## [Problem to work on]
Among the following entries, how many lines hold the string "page"? State only the number.

[Extracted entries — start]

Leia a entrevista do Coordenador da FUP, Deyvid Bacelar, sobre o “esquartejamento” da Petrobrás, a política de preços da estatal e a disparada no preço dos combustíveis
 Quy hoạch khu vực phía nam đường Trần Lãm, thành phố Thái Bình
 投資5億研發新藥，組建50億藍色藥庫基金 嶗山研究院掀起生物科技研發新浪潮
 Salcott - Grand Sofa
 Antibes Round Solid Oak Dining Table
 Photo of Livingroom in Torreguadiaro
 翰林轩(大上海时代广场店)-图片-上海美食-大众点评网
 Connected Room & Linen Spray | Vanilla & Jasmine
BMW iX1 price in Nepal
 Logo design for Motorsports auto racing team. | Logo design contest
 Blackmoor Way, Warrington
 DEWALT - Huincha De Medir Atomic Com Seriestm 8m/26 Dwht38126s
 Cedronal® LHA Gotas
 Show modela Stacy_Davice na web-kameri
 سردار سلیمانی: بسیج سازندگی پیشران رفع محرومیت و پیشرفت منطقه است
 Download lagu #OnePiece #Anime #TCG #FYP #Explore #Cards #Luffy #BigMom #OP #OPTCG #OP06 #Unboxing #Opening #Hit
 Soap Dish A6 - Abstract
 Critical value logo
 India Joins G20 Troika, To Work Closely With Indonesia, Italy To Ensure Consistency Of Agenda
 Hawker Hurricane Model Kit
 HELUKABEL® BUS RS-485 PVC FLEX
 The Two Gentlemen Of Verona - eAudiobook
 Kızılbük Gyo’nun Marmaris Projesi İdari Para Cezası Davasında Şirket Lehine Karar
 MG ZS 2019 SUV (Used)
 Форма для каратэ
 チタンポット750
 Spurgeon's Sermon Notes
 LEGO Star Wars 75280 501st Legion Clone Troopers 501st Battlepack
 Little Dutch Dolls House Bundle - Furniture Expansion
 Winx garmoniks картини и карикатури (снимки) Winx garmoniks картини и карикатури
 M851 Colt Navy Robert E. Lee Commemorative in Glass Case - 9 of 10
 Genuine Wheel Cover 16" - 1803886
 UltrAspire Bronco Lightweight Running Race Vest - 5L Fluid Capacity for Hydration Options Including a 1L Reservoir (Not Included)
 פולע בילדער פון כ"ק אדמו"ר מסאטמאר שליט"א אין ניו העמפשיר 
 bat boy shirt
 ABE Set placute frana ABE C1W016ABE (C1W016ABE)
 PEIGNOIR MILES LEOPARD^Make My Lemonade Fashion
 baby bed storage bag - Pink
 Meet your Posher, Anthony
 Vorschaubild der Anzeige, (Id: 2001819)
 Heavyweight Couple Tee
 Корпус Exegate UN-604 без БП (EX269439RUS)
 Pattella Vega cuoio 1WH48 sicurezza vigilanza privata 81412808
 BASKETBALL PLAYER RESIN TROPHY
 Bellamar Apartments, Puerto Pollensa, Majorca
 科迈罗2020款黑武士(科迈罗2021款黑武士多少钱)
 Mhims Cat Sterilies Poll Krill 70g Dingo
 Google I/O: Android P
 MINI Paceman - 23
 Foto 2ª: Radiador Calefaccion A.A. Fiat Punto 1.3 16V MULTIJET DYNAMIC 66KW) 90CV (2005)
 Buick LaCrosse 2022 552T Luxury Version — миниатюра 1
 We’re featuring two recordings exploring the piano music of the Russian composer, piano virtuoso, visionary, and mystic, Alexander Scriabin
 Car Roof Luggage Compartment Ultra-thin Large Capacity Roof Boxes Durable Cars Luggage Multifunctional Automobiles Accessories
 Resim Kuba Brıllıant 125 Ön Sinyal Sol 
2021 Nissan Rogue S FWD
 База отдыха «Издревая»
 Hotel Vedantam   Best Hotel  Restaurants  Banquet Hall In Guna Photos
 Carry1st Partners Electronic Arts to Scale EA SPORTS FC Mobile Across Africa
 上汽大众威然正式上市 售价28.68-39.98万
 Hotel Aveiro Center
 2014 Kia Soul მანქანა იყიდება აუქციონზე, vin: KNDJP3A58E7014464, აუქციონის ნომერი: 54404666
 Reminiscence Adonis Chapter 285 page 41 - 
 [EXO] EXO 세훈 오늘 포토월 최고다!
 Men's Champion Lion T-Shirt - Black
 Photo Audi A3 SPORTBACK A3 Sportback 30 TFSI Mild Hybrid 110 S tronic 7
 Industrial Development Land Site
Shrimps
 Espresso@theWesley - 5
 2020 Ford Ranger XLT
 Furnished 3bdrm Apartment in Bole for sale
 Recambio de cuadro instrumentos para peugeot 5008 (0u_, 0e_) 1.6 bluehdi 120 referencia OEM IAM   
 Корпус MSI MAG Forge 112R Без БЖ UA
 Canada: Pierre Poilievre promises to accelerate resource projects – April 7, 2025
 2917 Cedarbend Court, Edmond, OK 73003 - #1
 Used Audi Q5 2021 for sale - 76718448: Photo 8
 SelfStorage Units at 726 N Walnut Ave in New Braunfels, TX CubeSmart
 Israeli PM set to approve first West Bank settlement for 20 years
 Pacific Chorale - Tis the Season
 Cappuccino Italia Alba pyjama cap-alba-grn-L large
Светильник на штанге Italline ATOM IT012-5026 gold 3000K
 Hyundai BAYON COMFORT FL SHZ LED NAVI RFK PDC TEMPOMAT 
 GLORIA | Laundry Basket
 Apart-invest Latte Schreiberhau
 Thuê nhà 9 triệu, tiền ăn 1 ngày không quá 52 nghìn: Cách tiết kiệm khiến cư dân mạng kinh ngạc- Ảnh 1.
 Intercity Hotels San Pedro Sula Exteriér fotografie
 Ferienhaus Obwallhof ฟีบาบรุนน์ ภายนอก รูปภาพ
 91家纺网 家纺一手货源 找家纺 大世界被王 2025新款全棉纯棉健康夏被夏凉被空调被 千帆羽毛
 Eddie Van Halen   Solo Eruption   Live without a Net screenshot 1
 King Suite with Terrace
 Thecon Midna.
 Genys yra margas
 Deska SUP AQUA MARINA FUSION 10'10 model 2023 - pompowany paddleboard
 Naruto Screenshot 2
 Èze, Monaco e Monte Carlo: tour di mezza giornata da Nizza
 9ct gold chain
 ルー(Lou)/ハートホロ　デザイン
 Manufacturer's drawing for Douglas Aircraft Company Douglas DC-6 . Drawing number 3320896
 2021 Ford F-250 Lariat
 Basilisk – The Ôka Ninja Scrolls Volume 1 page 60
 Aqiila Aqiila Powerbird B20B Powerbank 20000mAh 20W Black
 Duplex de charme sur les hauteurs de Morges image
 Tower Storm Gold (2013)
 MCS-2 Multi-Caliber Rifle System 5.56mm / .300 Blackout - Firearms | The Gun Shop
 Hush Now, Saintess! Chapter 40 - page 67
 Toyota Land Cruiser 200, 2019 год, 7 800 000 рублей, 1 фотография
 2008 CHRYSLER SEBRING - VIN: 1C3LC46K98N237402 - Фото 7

[Extracted entries — finish]

## [Written answer]
3